Quelles sont les sociétés les plus anomiques, les plus individualistes ? La ville, en période d’abondance. C’est vrai de la période hellénistique prolongée par et dans l’empire romain. C’est vrai des cités italiennes de la Renaissance. C’est vrai en France du second empire et de l’Europe quasiment jusqu’à nos jours si l’on excepte les temps de guerre. C’est vrai des Etats-Unis entre la guerre de sécession et la crise de 1929 puis de la fin de la seconde guerre mondiale jusqu’à ces dernières années. On en trouverait sans doute d’autres exemples mais je connais plus mal la périodisation des vieilles civilisations asiatiques. Il n’est pas anodin, dans cette perspective, que les théories libérales soient apparues au moment où la sortie du Petit Age Glaciaire permettait de meilleures récoltes, où la révolution industrielle s’annonçait, où la classe moyenne s’étoffait au propre comme au figuré.
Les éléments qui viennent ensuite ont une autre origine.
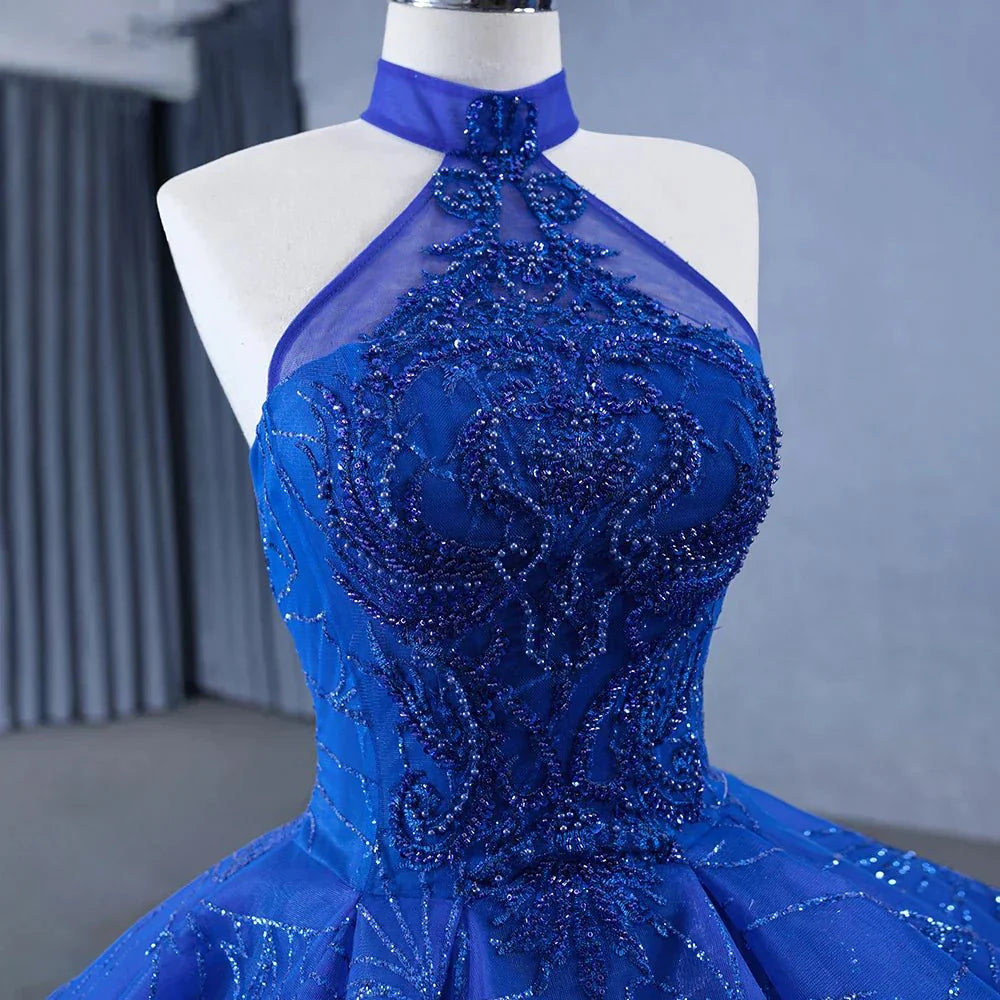 Royal Blue Ball Gown Halter Sleeveless Quinceanera Dress - KissProm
La crise, la vraie, la terrible, celle qui fait basculer les peuples de l’abondance à la misère comme on le vit en 1929 et jusqu’au New Deal de Roosevelt, celle que l’on impose à la Grèce aujourd’hui et dont on nous menace jour après jour, serait-elle un chemin de resocialisation ? En d’autres termes, génère-t-elle des solidarités au lieu d’une simple lutte pour la survie où les « forts » l’emporteraient sur les faibles comme dans l’illusion du darwinisme social ? C’est ce qui semble se faire jour en Grèce où les solidarités familiales se renouent, où semble apparaître de l’inventivité dans de petits groupes. Il serait intéressant de voir sur quels critères l’ont s’assemble ou l’on s’exclut. En France, les élites culturelles poussent au communautarisme ethnique tout en le repoussant avec les cris de Tartuffe : cachez ce racialisme que je ne saurais voir ! Mais je ne suis pas sûre que cela devienne la seule base de solidarités réelles, l’idéologie étant toujours plus pauvre que les stratégies de la vie.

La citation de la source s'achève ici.